=== Begin Enclosure ===

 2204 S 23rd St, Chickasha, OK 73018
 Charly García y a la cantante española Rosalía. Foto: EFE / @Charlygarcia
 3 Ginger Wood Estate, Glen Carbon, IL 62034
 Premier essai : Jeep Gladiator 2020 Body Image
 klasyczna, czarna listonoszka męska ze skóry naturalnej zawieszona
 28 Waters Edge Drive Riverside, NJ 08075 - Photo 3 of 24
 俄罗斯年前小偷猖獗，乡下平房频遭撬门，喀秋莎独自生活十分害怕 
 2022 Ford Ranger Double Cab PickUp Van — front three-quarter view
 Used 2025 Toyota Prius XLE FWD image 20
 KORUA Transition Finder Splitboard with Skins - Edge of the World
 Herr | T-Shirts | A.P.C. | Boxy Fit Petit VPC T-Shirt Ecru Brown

=== End Enclosure ===

- **Work instructions**
Lines holding the string "Edge" must be copied out of the entries above.

- **Response to this task**
 28 Waters Edge Drive Riverside, NJ 08075 - Photo 3 of 24
 KORUA Transition Finder Splitboard with Skins - Edge of the World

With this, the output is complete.